THIS AGREEMENT is entered into by and between Advanced Reinforcing Technologies,
Inc. (hereinafter referred to as the "Sponsor") and Cornell University, a
non-profit, educational institution having corporate powers under the laws of
the State of New York (hereinafter referred to as the "University").

WITNESSETH:

WHEREAS, the effort contemplated by this Agreement is of mutual interest and
benefit to the University and to the Sponsor, will further instructional and/or
research objectives of the University in a manner consistent with its status as
a non-profit, tax-exempt, educational institution, and may derive benefits for
both the Sponsor and the University through inventions, improvements, and/or
discoveries;

NOW THEREFORE, in consideration of the premises and mutual covenants herein
contained, the parties hereto agree to the following:

1.    Definitions.


      1.1.     "Project" shall mean the work funded under this Agreement as
               described in Exhibit A hereof.

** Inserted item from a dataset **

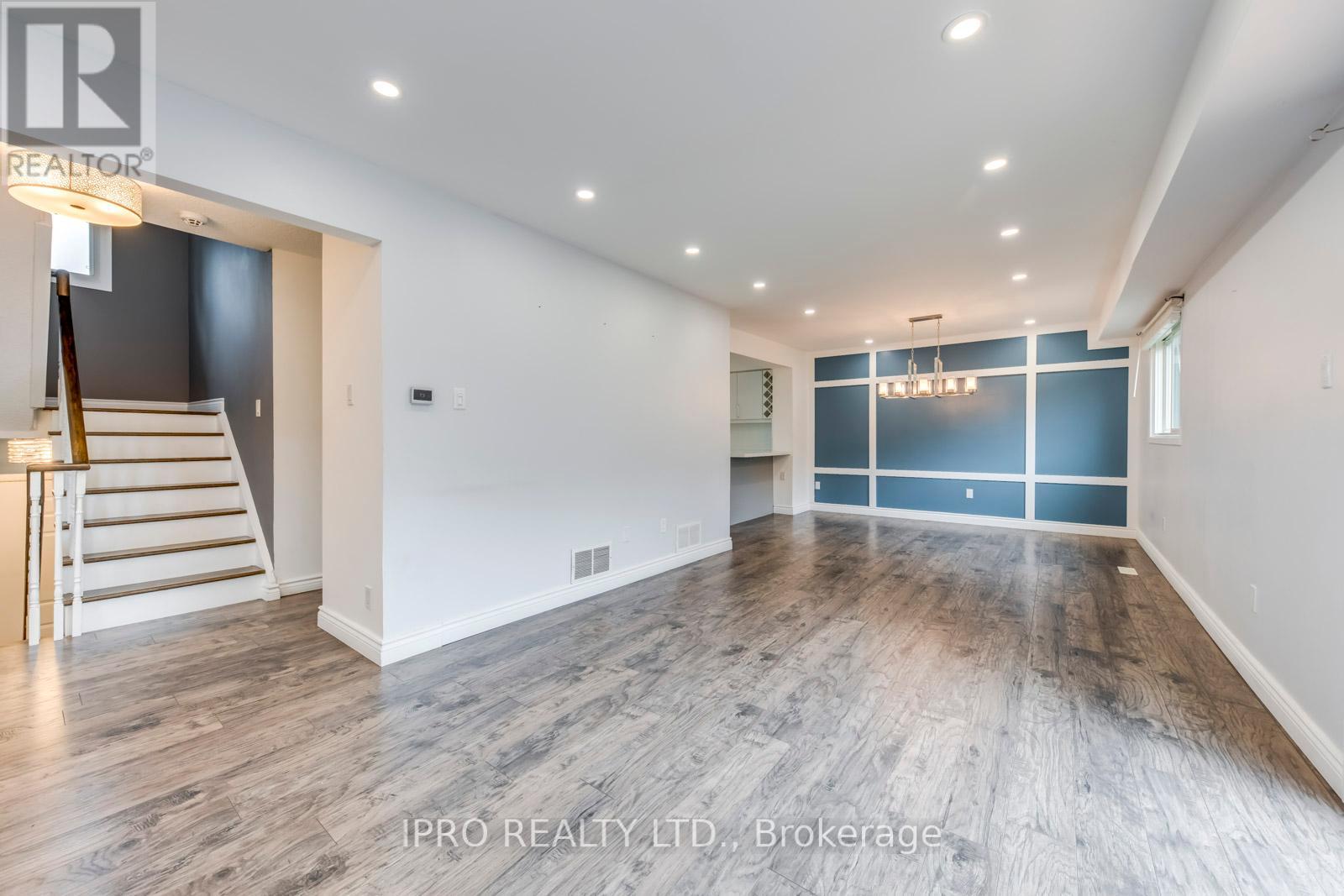 Property at 7 WRIGHT CRESCENT image 4
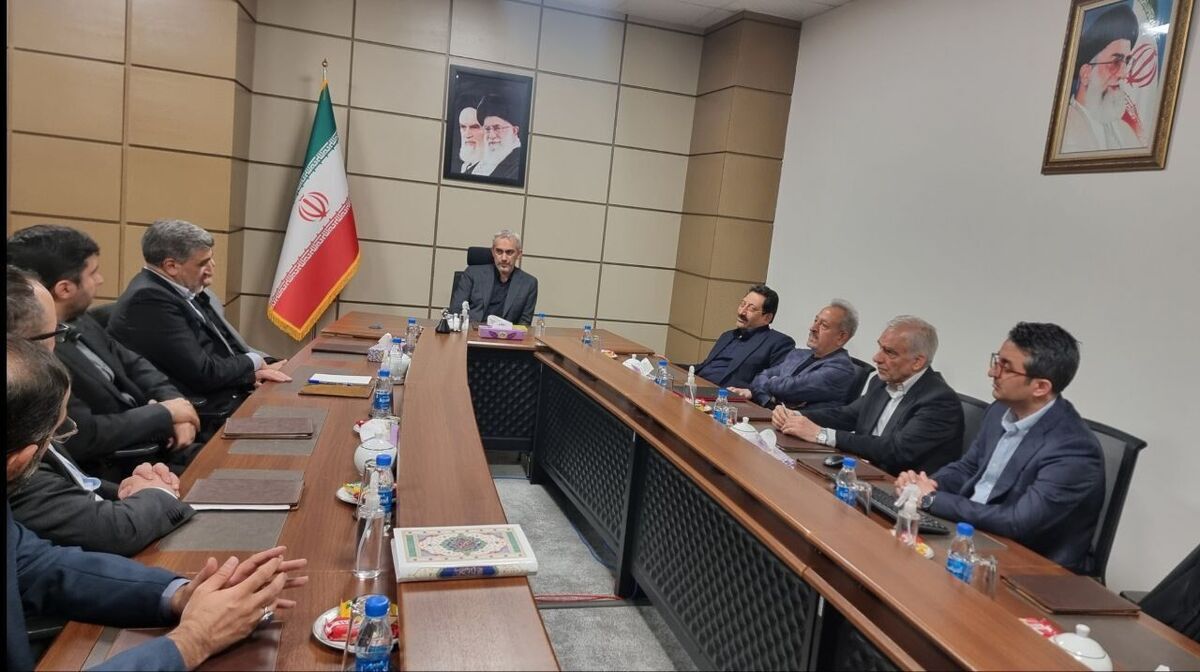 برگزاری نخستین جلسه شورای‌عالی بورس با حضور وزیر جدید امور اقتصادی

      1.2.     "Intellectual Property" shall mean individually and collectively
               all inventions, improvements and/or discoveries, including
               deliverable software, if any, which are conceived and first
               reduced to practice in the performance of the Project.

      1.3.     "Sponsor Intellectual Property" shall mean Intellectual Property
               conceived and first reduced to practice solely by one or more
               employees of the Sponsor.

      1.4.     "University Intellectual Property" shall mean Intellectual
               Property conceived and first reduced to practice solely by one or
               more employees of the University.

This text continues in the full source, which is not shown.